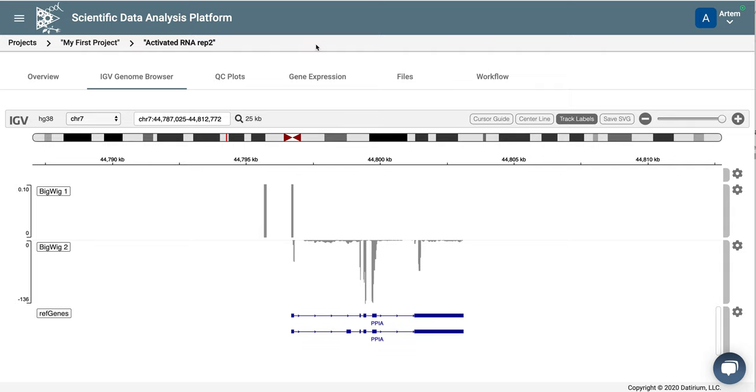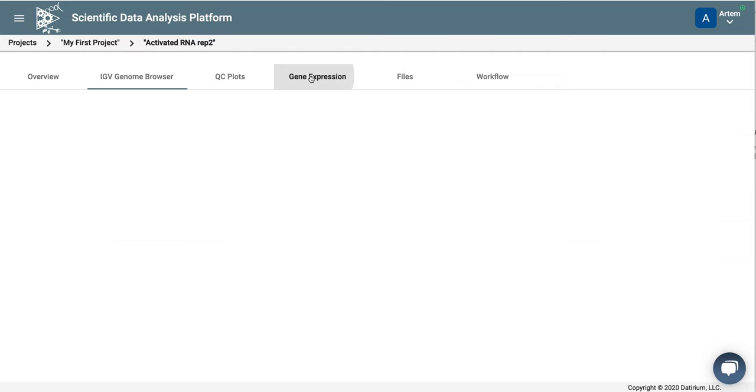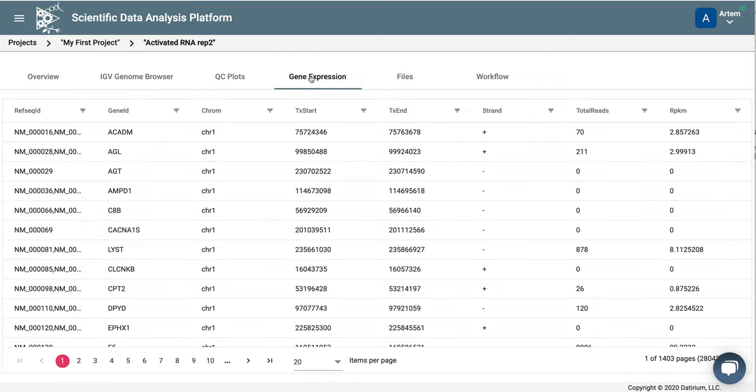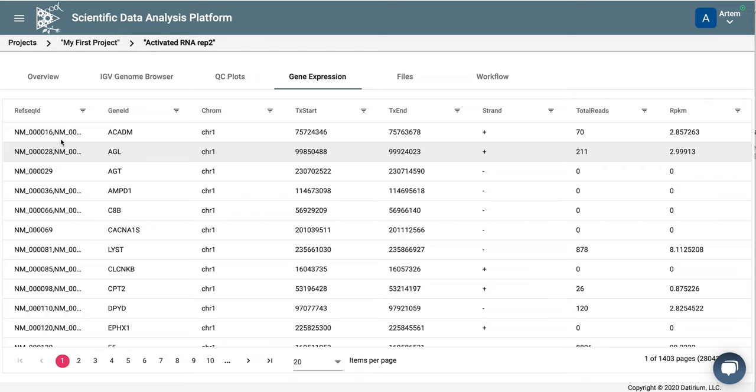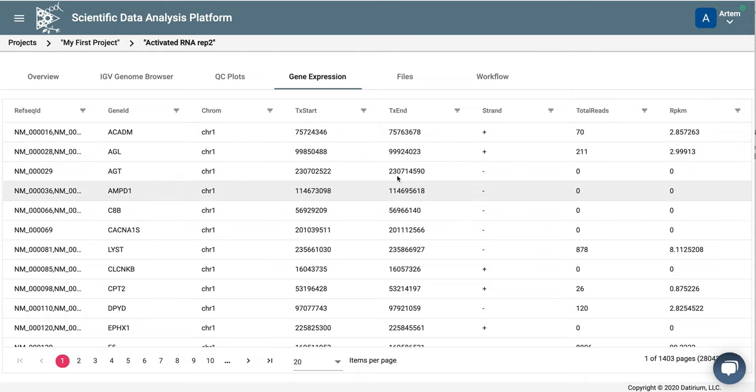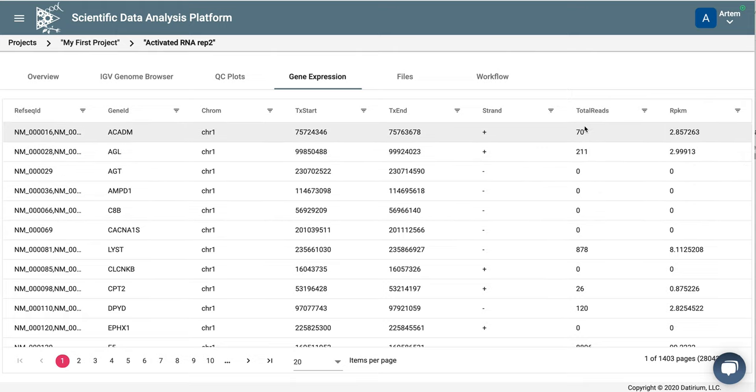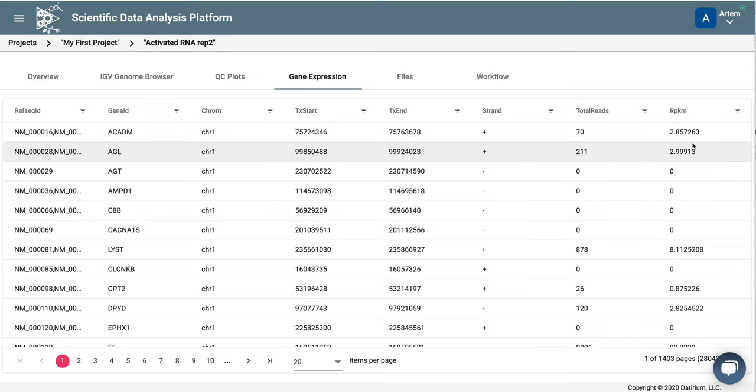What else do we have? We also have gene expression values. And here, for each gene, we have a RefSeq ID, its coordinates and strand, as well as the number of reads and RPKMs, reads per kilobase per million mapped reads, which are assigned to this gene.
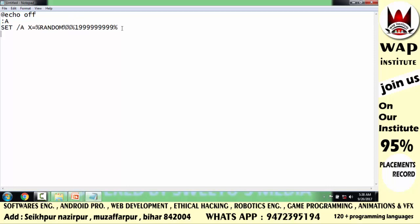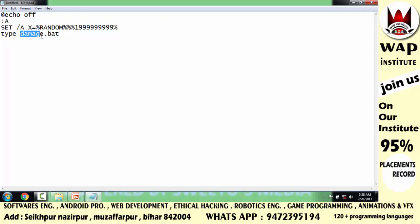आगे आप 'type' command write करोगे — type एक command है। आप small letter में 'damage.bat' लिखोगे। इसका मतलब है यह जो trojan horse virus बनेगा वो 'damage.bat' के नाम से save होगा, और by default उसकी extension .bat ही होगी। फिर आप insertion operator लगाएं और लिखें '%x%.bat' — इसका मतलब है जितनी files बनेंगी वो सारी damage.bat के नाम से बनेंगी।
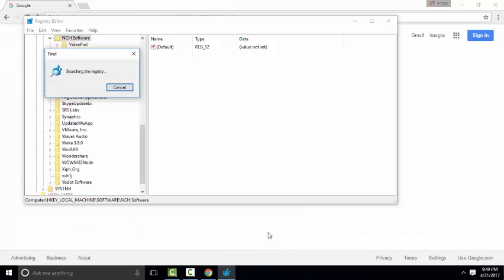In this case, luckystarting is not found in the registry. If you do find any virus entry in the registry, simply delete that one.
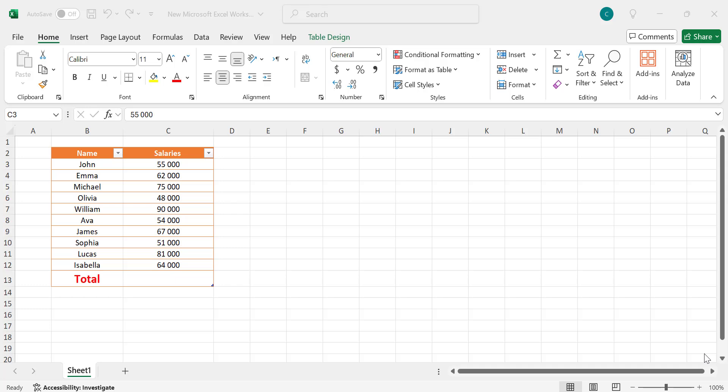Hey everyone, welcome back to Quad Tech. In today's video, we're tackling a common but frustrating issue in Excel when the SUM formula shows zero, even though you have numbers in your cells. If you've ever had this problem, you know how confusing it can be. Usually, this happens because Excel is treating numbers as text instead of actual numbers, which messes up the calculation. But don't worry — by the end of this video, you'll know exactly how to identify and fix this issue in just a few simple steps. Let's jump right in and get your formulas working again.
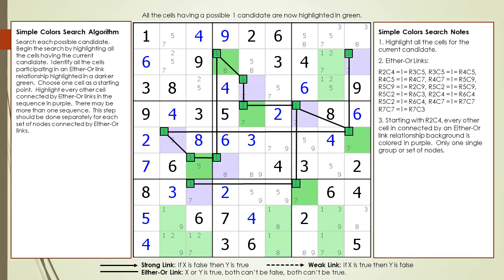All the cells participating in an either-or link relationship are now being diagrammed and are highlighted in a darker green. Next, starting from one cell, the background color of every other cell participating in an either-or link relationship is highlighted in purple. In this example, cell 2,4 was used as a starting point, and all the nodes participating in either-or link relationships are all connected to each other in one single net.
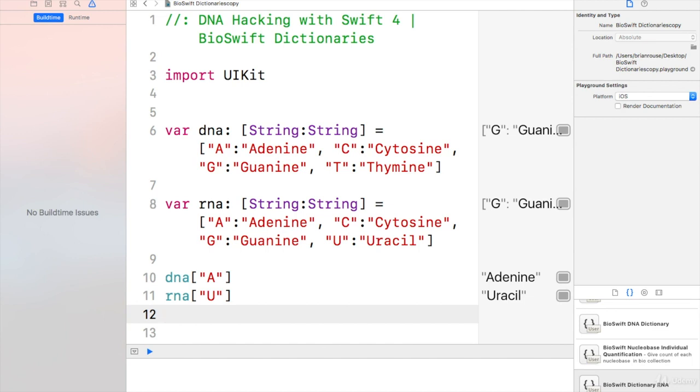You would just want to know if it has uracil in it, because if it's uracil then you know it's a protein versus a chromosome and that's RNA.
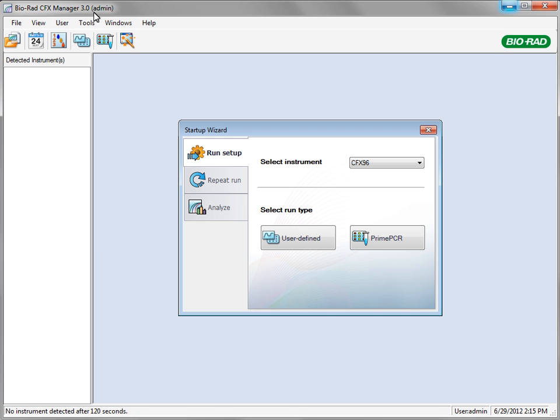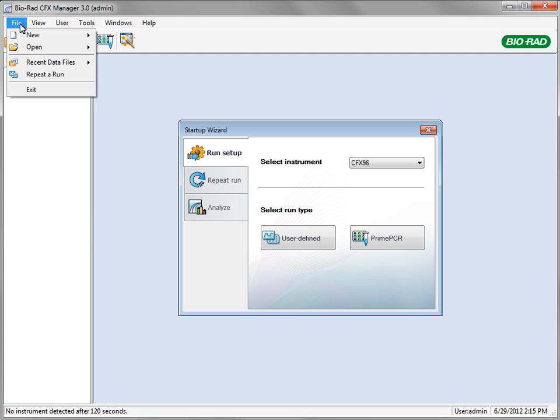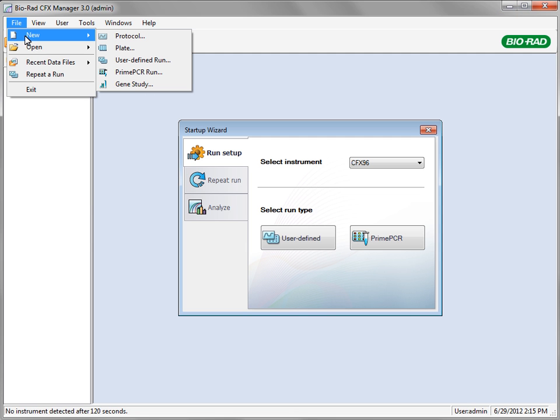Whether your experimental study is contained on one plate or across multiple plates, the data analysis tools function the same. In this example, we'll demonstrate a multi-plate analysis referred to as a gene study. To create a gene study, select New Gene Study from the File menu.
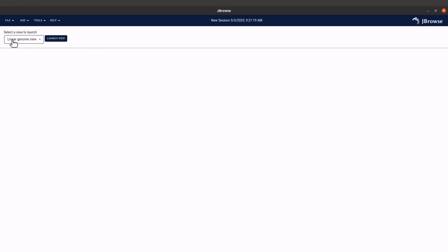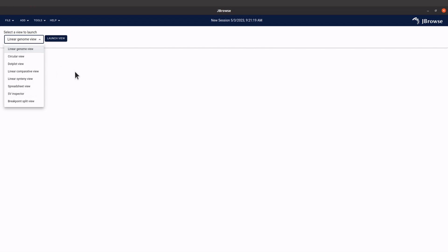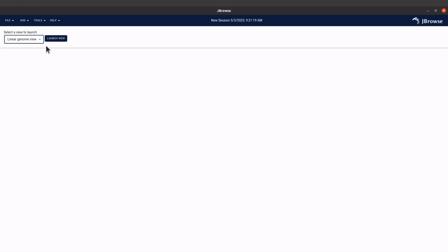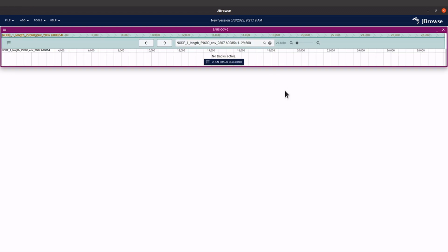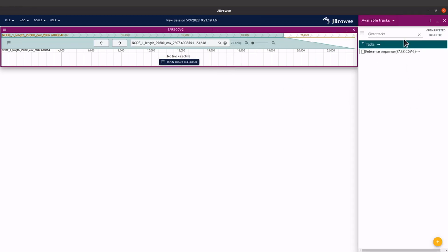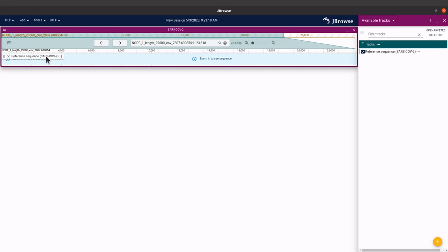After submitting you'll see a window — make sure Linear Genome View is selected. You can experiment with other options, but let's keep it this way. Click Launch View and then click Open. You'll see a message saying no tracks are active — even though we've loaded the data we need to select a track to display it, so click Open Track Selector.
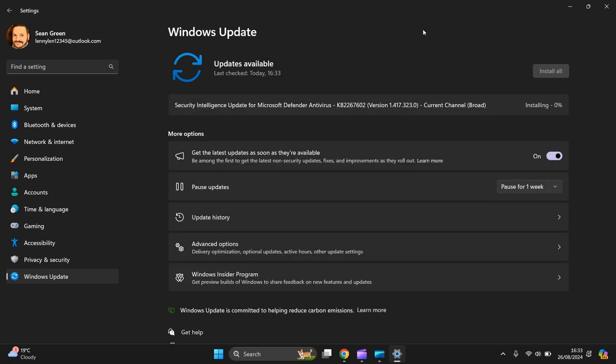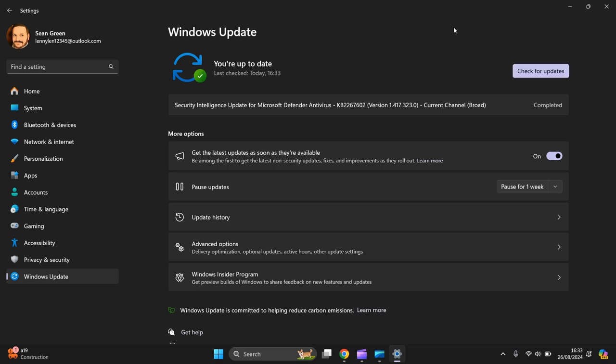There you go, it's actually come across an update for us - a Security Intelligence Update for Microsoft Defender Antivirus. It's busy installing. So there you go, that's how we do it.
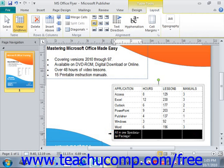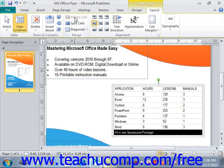Next, once you've done that, click the Merge Cells button in the Merge group on the Layout tab of the Table Tools Contextual tab in the ribbon. On the Layout tab, under Merge, we see Merge Cells. Give that a click and that will merge all of those selected cells into a single cell.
——
Return the listing unchanged except for the pictures, which should be dropped.

What else do we have? We also have gene expression values. And here, for each gene, we have a RefSeq ID, its coordinates and strand, as well as the number of reads and RPKMs, reads per kilobase per million mapped reads, which are assigned to this gene.
आगे आप 'type' command write करोगे — type एक command है। आप small letter में 'damage.bat' लिखोगे। इसका मतलब है यह जो trojan horse virus बनेगा वो 'damage.bat' के नाम से save होगा, और by default उसकी extension .bat ही होगी। फिर आप insertion operator लगाएं और लिखें '%x%.bat' — इसका मतलब है जितनी files बनेंगी वो सारी damage.bat के नाम से बनेंगी।
In this case, luckystarting is not found in the registry. If you do find any virus entry in the registry, simply delete that one.
Hey everyone, welcome back to Quad Tech. In today's video, we're tackling a common but frustrating issue in Excel when the SUM formula shows zero, even though you have numbers in your cells. If you've ever had this problem, you know how confusing it can be. Usually, this happens because Excel is treating numbers as text instead of actual numbers, which messes up the calculation. But don't worry — by the end of this video, you'll know exactly how to identify and fix this issue in just a few simple steps. Let's jump right in and get your formulas working again.
All the cells participating in an either-or link relationship are now being diagrammed and are highlighted in a darker green. Next, starting from one cell, the background color of every other cell participating in an either-or link relationship is highlighted in purple. In this example, cell 2,4 was used as a starting point, and all the nodes participating in either-or link relationships are all connected to each other in one single net.
You would just want to know if it has uracil in it, because if it's uracil then you know it's a protein versus a chromosome and that's RNA.
Whether your experimental study is contained on one plate or across multiple plates, the data analysis tools function the same. In this example, we'll demonstrate a multi-plate analysis referred to as a gene study. To create a gene study, select New Gene Study from the File menu.
After submitting you'll see a window — make sure Linear Genome View is selected. You can experiment with other options, but let's keep it this way. Click Launch View and then click Open. You'll see a message saying no tracks are active — even though we've loaded the data we need to select a track to display it, so click Open Track Selector.
There you go, it's actually come across an update for us - a Security Intelligence Update for Microsoft Defender Antivirus. It's busy installing. So there you go, that's how we do it.
Next, once you've done that, click the Merge Cells button in the Merge group on the Layout tab of the Table Tools Contextual tab in the ribbon. On the Layout tab, under Merge, we see Merge Cells. Give that a click and that will merge all of those selected cells into a single cell.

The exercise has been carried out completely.